Edmonds faithfully follows the tour itinerary – much to the consternation of the TCCB – weaving vignettes like the visit to James into the journey, providing the reader with behind-the-scenes happenings as it disintegrated into an unmitigated disaster. Her subtle off-the-field observances and awareness alert the reader that Geoffrey Boycott, part of the commentary team, took his cricket gear along to grab a net when the opportunity was presented. She highlights the unwritten decorum expected in the press box, and the unbearable weight of the media on a losing team, as they search for reasons to explain the defeats. Dinner with West Indian Cricket Board hierarchy reveals the unseen efforts by the board and regional politicians – including, surprisingly Jamaica’s Michael Manley, a staunch anti-apartheid leader – to ensure the tour happened, and their deep concern over lost revenue as the three-day test matches were not favourable to the board’s coffers.

Poor England. Having arrived full of hope, their tour immediately unravelled like a ball of wool, with a loss to the lowly Windward Islands. The weak anti-apartheid protests dissolved, just as James predicted and never presented a serious distraction. The Jamaican fireball Patrick Patterson drove fear into everyone that stood in his path, and on the lightning-fast Caribbean pitches, England were no match for the all-conquering West Indies. Apart from a brief glimmer of hope, a win in the second ODI in Port-of Spain behind a defiant Gooch century, England were steamrolled into the dust, succumbing to another 5 – 0 ‘Blackwash’ in the series, following a similar scoreline for the 1984 Summer series in England, thus achieving an unprecedented feat in mediocrity.

Edmonds’ ability to see humour at every turn keeps the journal ticking along. She pokes fun at the slow hotel service, the arrests of Boycott and Matthew Engel in Trinidad for not having work permits, the dreary attitude of the disconsolate Englishmen’s approach to net practice as the 82-day tour meandered and the arrival of the wives after the TCCB’s sanctioned six weeks timeline. Their subsequent adventures whilst driving mini-mokes is hilarious. The alleged amorous encounter between a former Miss Barbados and an unknown member of the England team, as reported by one of the English tabloids provided further fodder for Edmonds’ pen. Her book deal must have tilted the TCCB’s equilibrium on many fronts, both prior and during the tour, and certainly in the aftermath of its publication.

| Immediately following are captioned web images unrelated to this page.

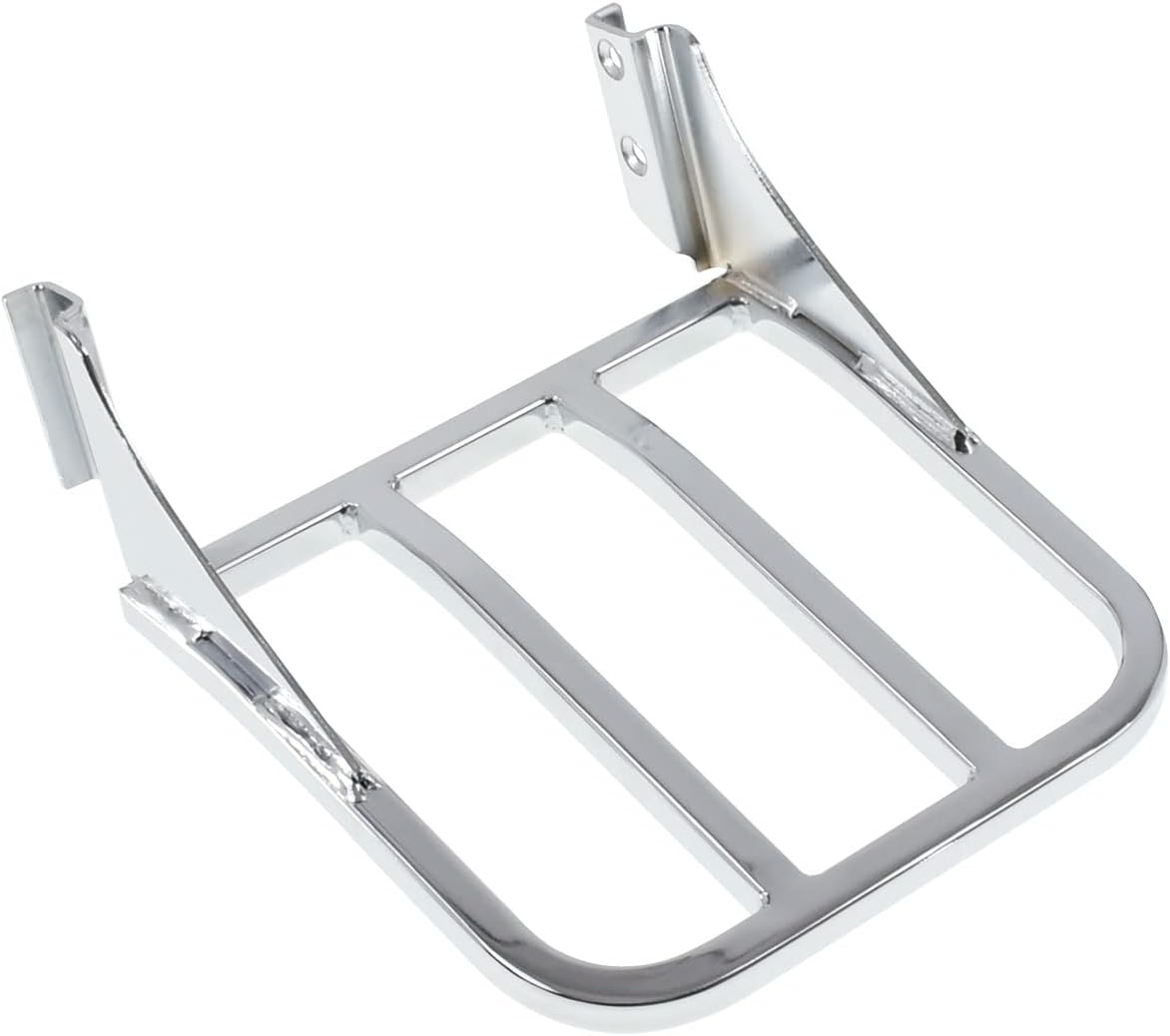 Motorcycle Detachable Rear Backrest Luggage Rack Fit for Harley Sportster XL Dyna Softail Chrome image number 2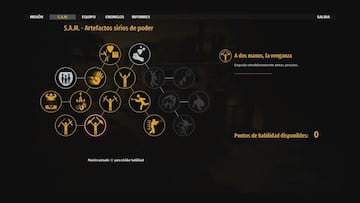 En Serious Sam 4 tenemos un árbol de habilidades que nos permite especializarnos en distintos estilos de juego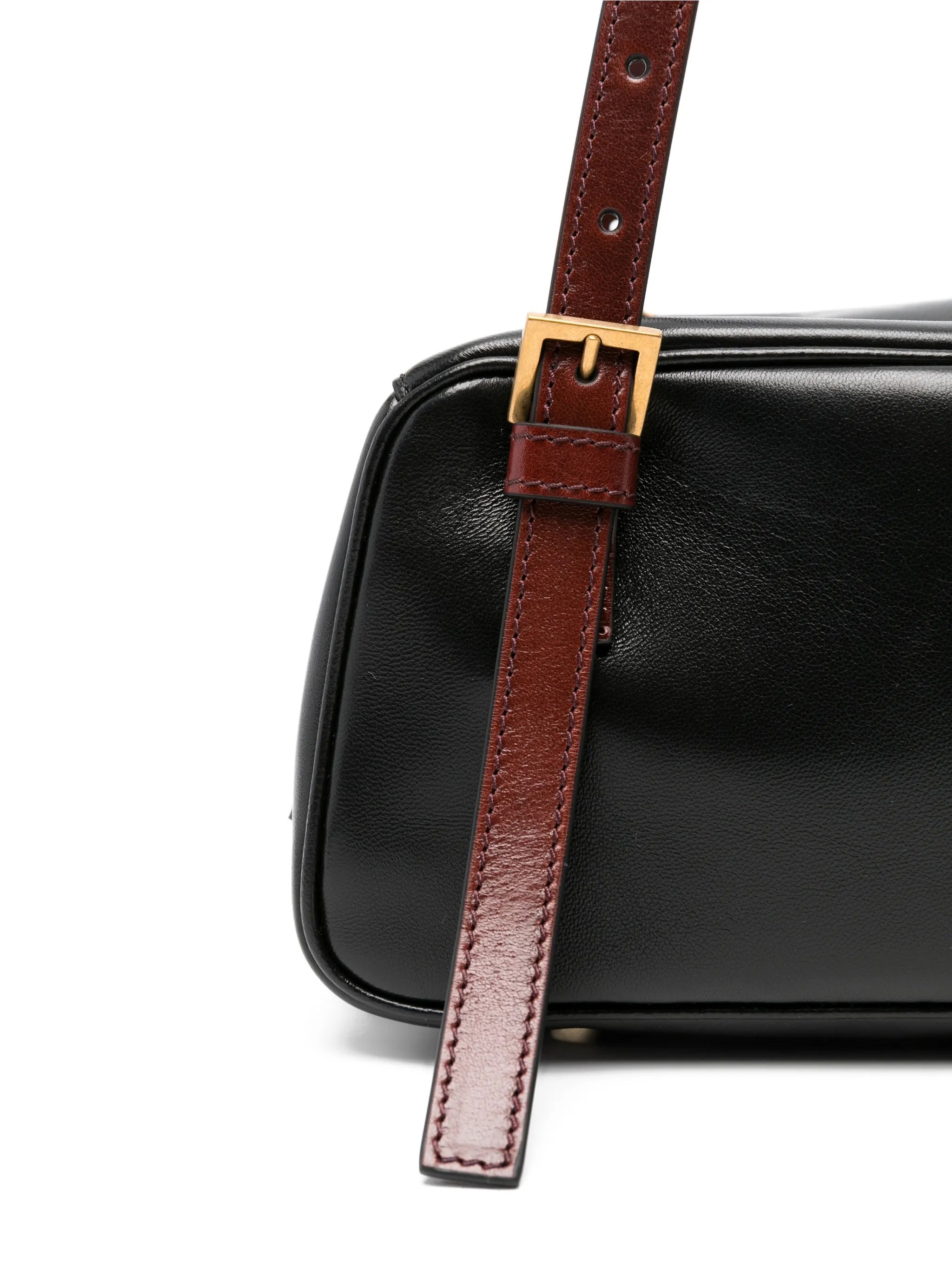 Small Shoulder Lamb Leather Calf Black | Borsa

 The final paragraph of the fifteenth and penultimate chapter (before the epilogue) titled, ‘Captain, the ship has sunk’ – cleverly adopted from calypsonian Gypsy’s 1986 mega-hit – sums up the English team’s misery. Further, on their return to England, they were subjected to a two-and-a-half hour wait for their baggage at Heathrow Airport. Edmonds wrote: “Each and every item was not only checked by trained sniffer dogs, but also carefully hand searched. For the first time I was struck by the full ignominious enormity of what had happened. England cricketers, once considered the country’s sporting diplomats, the glorious game’s roving ambassadors, were now relegated to the status of international dope-pedlars.”

The younger generation wishing to know what all the fuss is about the West Indian juggernaut of the 1980s and early 1990s should spend a few hours reading “Another Bloody Tour” for a grasp of the legacy. It’s no wonder no else wrote a book on the tour.

Postscript

Phil and Frances were amicably divorced – she did touch on the subject, acknowledging the strain the demands of the modern game places on marriages – in 2007.

“Another Bloody Tour” was a bestseller, and was shortlisted in 2019 by the Wisden Cricket Monthly among the all-time best books written on cricket. It heralded a new beginning for Frances Edmonds who went to pen “Cricket XXXX Cricket”, about the following winter tour to Australia.

Today, Phil Edmonds is a multi-millionaire businessman. After retiring in 1987 from cricket, he answered an emergency call from Middlesex, struck by an injury crisis in June 1992, to appear in one match versus Nottinghamshire. Arriving at Trent Bridge in his Rolls Royce he duly resumed his partnership with his old partner-in-crime Emburey, taking four for 48 in the first innings of a drawn match. Edmonds later became Chairman of Middlesex County Cricket Club.